In all those stops he specialized in quantitative short-term trading with a bit of a discretionary overlay. In fact, Lavin points out that he was one of the very few people trading off of intraday data back in the 1980s when it wasn’t so easy to get.
He took those skills to Fort and when he decided to launch Vallen it was based on intraday data trading with a one-day time horizon. The program earned 9.5% in the last nine months of 2009 but dropped 4.5% in 2010. He decided to shut it down and take on a consulting offer, but he continued to trade and optimize the program with proprietary money.
He really liked the improvements to the program and decided to offer it to customers again earlier this year. “I hadn’t really thought of coming back and trading for institutional money until late 2012 after I did all the stress testing and was pretty certain this thing was for real,” Lavin says. “First I thought it was too good to be true.”
The changes included lengthening the time horizon from one to three days, eliminating intraday data from his models, changing the entry time from the open to late in the day and, perhaps most importantly, adding an intermarket overlay to his entry model.
“Vallen 1 had some good ideas but then I took everything and reworked it; changed some of the time horizons, changed some of the ways I calculated formulas, changed the time of execution,” Lavin says. “One thing that I found that was very favorable was using more than one market to [trigger] a trade. I call it a combination; we take markets that are positively correlated and trade the more volatile one. For example, in metals the most liquid markets are silver and gold; silver is more volatile. The only instrument I trade is silver but [run my] analytics on both.”
He uses five predictors that together create a score that indicates whether to go long, short or stay neutral. A neutral position can be pushed to a long if the companion market has a buy signal based on his analytics.
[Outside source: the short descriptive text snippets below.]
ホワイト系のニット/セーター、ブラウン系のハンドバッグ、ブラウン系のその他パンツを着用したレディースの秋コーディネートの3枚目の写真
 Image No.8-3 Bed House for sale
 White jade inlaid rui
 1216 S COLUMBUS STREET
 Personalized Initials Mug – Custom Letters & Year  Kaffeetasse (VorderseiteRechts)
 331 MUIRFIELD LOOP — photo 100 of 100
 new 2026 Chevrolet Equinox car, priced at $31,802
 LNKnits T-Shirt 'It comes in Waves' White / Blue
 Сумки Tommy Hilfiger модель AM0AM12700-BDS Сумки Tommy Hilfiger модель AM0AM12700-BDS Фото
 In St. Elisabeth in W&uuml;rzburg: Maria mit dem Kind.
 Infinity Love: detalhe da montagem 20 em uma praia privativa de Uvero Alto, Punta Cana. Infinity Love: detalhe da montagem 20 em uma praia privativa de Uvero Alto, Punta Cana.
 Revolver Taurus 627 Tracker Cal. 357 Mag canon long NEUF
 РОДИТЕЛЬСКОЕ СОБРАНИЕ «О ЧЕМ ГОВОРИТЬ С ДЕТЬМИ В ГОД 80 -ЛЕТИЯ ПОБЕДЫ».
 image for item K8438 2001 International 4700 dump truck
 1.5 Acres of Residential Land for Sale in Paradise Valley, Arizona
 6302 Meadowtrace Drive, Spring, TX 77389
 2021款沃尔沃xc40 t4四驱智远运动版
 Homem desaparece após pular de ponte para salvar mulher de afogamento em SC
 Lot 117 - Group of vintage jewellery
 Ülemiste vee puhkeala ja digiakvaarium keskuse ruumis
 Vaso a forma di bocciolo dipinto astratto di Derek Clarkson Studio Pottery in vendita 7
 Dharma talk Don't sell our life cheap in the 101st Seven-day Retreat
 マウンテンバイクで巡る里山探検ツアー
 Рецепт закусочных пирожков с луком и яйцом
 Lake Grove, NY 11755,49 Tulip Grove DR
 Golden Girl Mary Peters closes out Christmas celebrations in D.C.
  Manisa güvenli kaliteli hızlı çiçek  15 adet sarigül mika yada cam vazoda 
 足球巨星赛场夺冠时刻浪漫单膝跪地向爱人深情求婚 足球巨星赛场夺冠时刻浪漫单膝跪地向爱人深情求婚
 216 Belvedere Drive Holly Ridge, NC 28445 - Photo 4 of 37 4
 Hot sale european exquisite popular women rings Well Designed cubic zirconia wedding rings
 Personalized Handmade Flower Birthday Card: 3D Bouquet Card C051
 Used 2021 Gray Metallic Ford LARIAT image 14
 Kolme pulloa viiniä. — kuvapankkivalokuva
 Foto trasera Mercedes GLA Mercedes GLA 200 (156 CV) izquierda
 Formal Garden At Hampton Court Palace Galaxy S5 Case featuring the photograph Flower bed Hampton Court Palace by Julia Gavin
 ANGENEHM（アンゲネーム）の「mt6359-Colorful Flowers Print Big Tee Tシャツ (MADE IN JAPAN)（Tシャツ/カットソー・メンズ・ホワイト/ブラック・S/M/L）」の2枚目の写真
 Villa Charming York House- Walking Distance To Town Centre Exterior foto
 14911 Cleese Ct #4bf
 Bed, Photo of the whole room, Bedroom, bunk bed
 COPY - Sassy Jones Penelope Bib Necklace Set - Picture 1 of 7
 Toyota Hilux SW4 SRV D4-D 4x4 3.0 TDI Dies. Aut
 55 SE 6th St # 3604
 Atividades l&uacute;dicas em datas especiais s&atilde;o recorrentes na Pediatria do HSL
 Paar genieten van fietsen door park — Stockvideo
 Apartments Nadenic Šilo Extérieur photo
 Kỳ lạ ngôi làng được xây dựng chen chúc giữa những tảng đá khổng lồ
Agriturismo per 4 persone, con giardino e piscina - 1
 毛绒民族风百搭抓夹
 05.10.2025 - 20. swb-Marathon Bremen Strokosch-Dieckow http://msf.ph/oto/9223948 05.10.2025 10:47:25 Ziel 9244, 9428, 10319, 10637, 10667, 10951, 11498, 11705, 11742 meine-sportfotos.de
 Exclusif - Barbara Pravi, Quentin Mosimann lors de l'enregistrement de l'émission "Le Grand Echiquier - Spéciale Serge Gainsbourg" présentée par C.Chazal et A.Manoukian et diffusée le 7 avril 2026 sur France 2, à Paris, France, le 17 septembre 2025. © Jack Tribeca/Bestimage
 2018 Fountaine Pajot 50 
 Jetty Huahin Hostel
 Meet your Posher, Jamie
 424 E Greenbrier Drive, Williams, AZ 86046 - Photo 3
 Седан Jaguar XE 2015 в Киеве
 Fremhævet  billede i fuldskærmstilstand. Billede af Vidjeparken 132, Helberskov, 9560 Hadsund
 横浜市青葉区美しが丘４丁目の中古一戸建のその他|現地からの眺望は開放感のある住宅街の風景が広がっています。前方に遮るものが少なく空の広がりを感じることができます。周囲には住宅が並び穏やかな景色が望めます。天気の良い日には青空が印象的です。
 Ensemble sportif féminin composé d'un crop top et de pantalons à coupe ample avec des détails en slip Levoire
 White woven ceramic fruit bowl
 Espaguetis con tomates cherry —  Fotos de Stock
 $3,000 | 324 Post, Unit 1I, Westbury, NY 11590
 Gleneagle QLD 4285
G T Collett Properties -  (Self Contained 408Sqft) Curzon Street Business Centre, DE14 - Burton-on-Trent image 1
Lavin calls this his most significant upgrade and has a companion market for all of the eight markets he trades. In the stock indexes he will run his analytics on the Dax, which can trigger a signal in the S&P 500. For the Nasdaq 100, he looks at the FTSE and for the 30-year bond he will look at the TLT exchange-traded-fund (iShares Barlcay 20-year+ bond).
“It was kind of a big breakthrough. I also look at index ETFs. I use them as analysis instruments and then trade the comparable futures contract,” Lavin says.
His strategy is a combination of momentum, countertrend and pattern recognition with a volume overlay. The risk is equally divided into four asset classes: Equities, fixed income, commodities and forex. Each sector has one quarter of the risk.
The changes seem to be working well. His proprietary trading since the initial 2009 launch has produced a compound annual return of 14.32% with a worst drawdown of 6.34%. And the program is up (based on proprietary and customer returns) 15% through July. Seems like the second time is the charm for Lavin.